### ACTIVITY
Leave out every picture, and output exactly the lines from the line containing "Puluhan spanduk dibentangkan" through the last line of the data.

### DATA PROVIDED
--
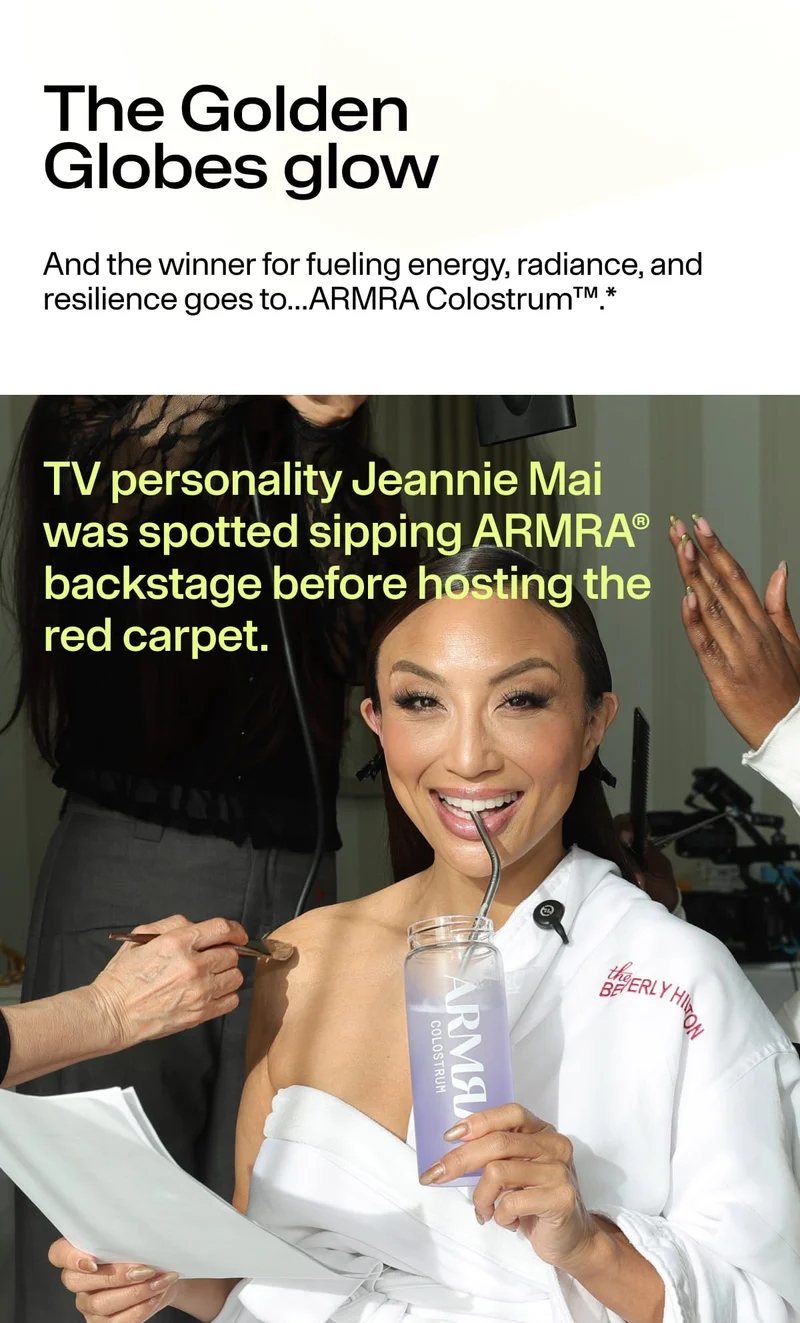 Jeannie Mai smiling backstage at the Golden Globes while sipping ARMRA Colostrum.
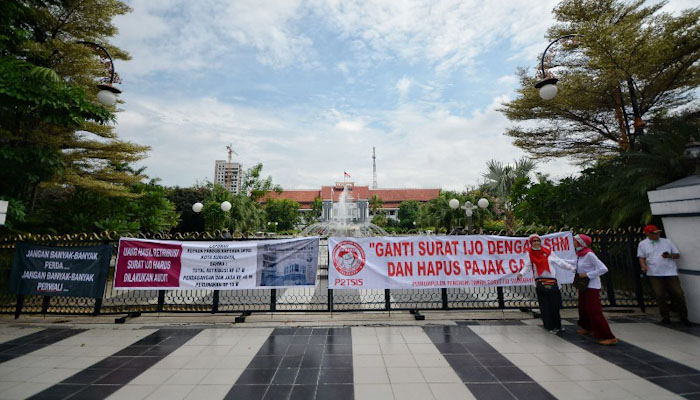 Puluhan spanduk dibentangkan tepat di depan Balai Kota Surabaya oleh pemilik Surat Ijo Surabaya, Senin 17 Februari 2020. (Foto: Erfan Hazransyah/Ngopibareng.id)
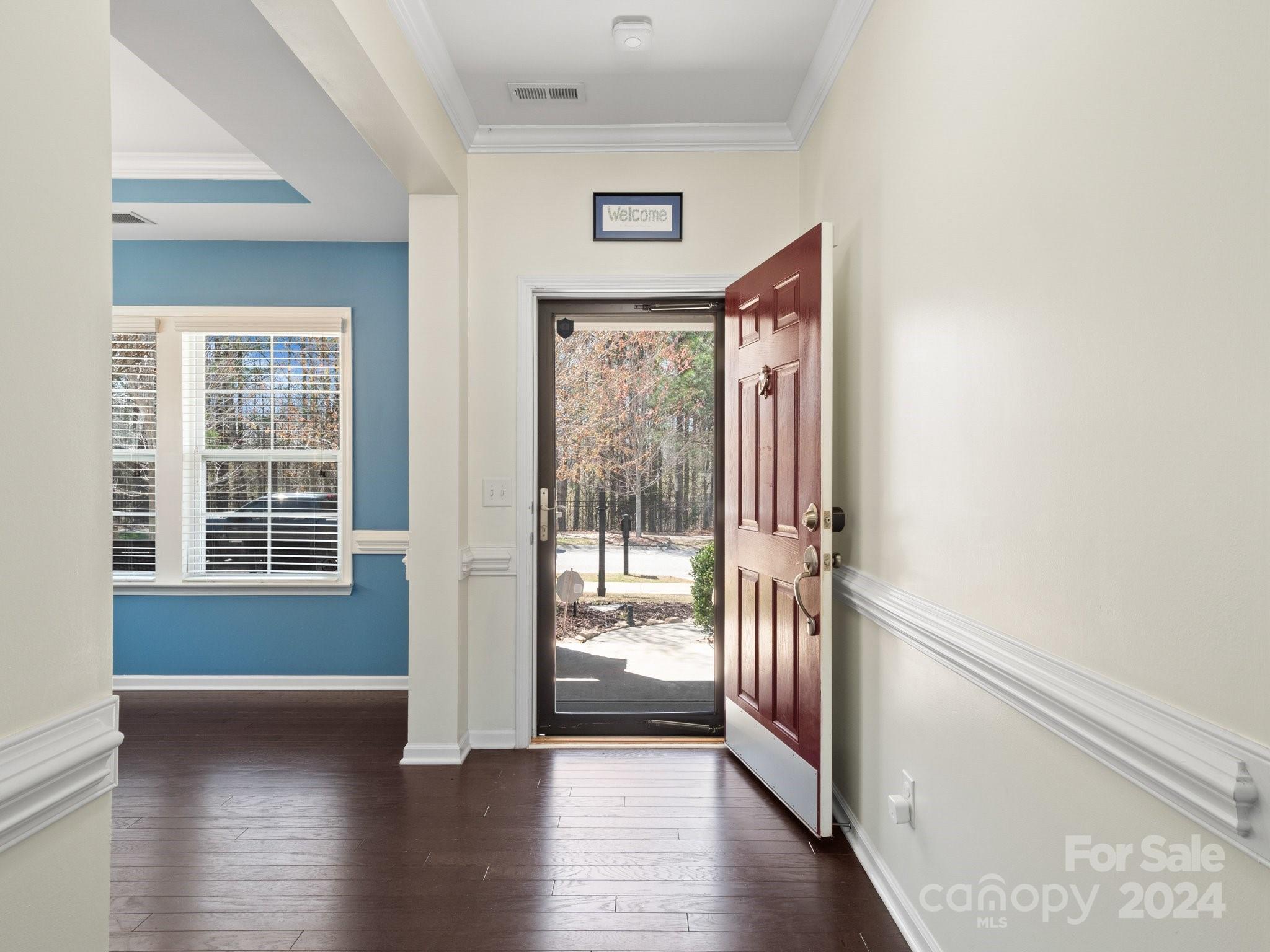 79469 Ridgehaven Road Lancaster, SC 29720 - Photo 7 of 35 a view of an entryway with wooden floor and door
--
### REPLY
 Puluhan spanduk dibentangkan tepat di depan Balai Kota Surabaya oleh pemilik Surat Ijo Surabaya, Senin 17 Februari 2020. (Foto: Erfan Hazransyah/Ngopibareng.id)
 79469 Ridgehaven Road Lancaster, SC 29720 - Photo 7 of 35 a view of an entryway with wooden floor and door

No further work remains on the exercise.